The man’s story was compelling and believable, she said. He asked her first for money to cover a car insurance check that he had sent to Peru but that was not there yet. He told her then he was in Lima for a wedding of a fraternity brother, and he named friends that she recognized.
The caller also told her not to tell his parents he was in Peru because he didn’t want them to worry about him. Then, when she bit that one, he called again several hours later and said he’d been in a car accident and destroyed a city street light pole. If he didn’t pay for the street pole, he was going to jail, he told Molloy.
“And I’d had friends in foreign countries ending up in jail for reasons like he gave me, so I knew it was possible,” she said.
She said she’s been targeted by other people trying to get money from her, but never by someone who sounds just like someone she knew, or, someone who knew as much about her and her family as this caller did.
“I think they must have gotten the information from all those social networking sites,” she said. “People put everything about themselves up on those sites. And I know now that you can alter people’s voices electronically to make them sound different. He could have gotten all of the information about John’s friends that way. I even asked him Monday who he was there with, and he told me a name I recognized. In retrospect, I can see what happened. But when you get a call like that, when you think your grandson is in trouble and could go to jail in a foreign country, you aren’t emotionally stable.
“Even the way they handled it, putting me on the line for the wire transfer with someone with no accent, seemed plausible,” she said. “I think it’s being done by Americans.

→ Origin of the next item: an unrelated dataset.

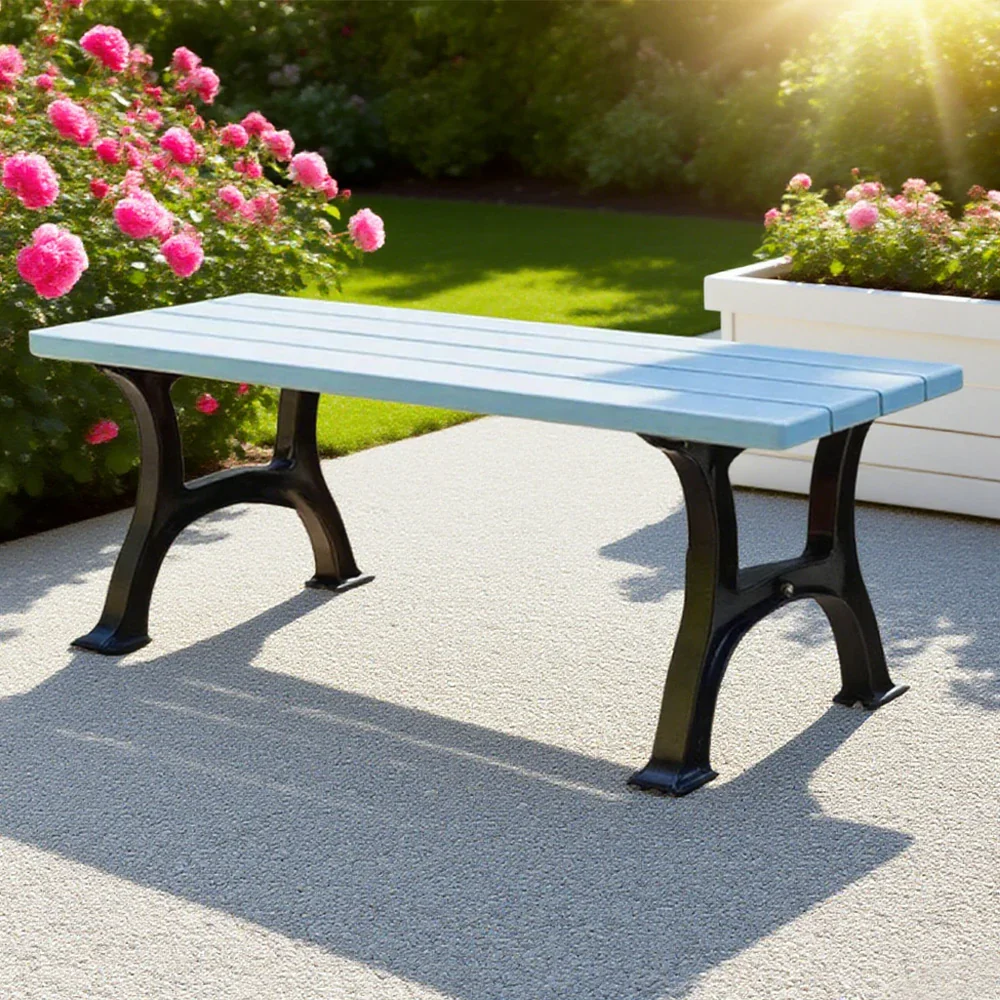 SOLARA Outdoor Bench - Durable Solid Structure with Iron Legs, Ergonomic Wide Seat, Eco-Friendly Weather-Resistant Finish - Blue - Image 4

“I thought about not telling anyone about this because I am embarrassed, but then I decided I want other people to know about this,” Molloy said. “I’ve always prided myself on being aware and intelligent, but I wasn’t expecting something like this.”
Mammoth Lake Police Chief Dan Watson has seen it all, after decades in law enforcement. But this type of scam was something new, even to him.

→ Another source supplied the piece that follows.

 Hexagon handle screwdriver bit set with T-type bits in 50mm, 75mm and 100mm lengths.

“The elderly (in particular) are sometimes victims of embezzlement scams,” Watson said. “But I’ve never heard of one like this, where the suspect had knowledge about the victim’s grandson. This case was different because it involved two phone calls. The victim asked a series of questions and got responses that caused her to believe it was her grandson.
“That indicates this was a more sophisticated scam than the emails people get from someone in an African nation asking for your assistance in disbursing funds, or an Instant Message from a friend who claims their wallet was stolen while on vacation.

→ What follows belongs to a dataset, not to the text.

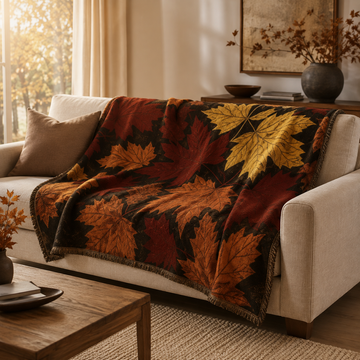 Autumn Leaves Woven Blanket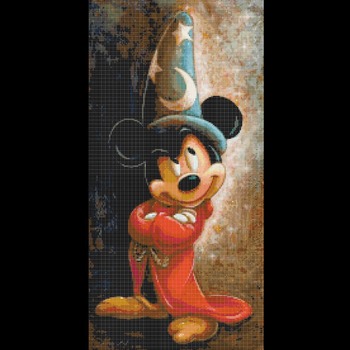 counted Cross stitch pattern disney Mickey fantasia 138x281 stitches CH1861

“Taking advantage of someone like this grandmother is despicable,” he said. “If someone gets a request that doesn’t seem right, as was the case here, they should go with their instincts and try to verify the information being provided. The Internet has now become a common way of approaching potential victims.”
As for Molloy, now out some $10,000 that she could ill afford to lose, she’s counting her blessings. After talking about it to friends and family, she realized a similar scam is going around other areas, which is why she decided to talk about it in public. Now, it’s time to move on.
“It’s a blow, but like my daughter and I were saying, it’s still only money,” she said. “Everyone in my family is alright, their health is good. That’s more important than anything else.”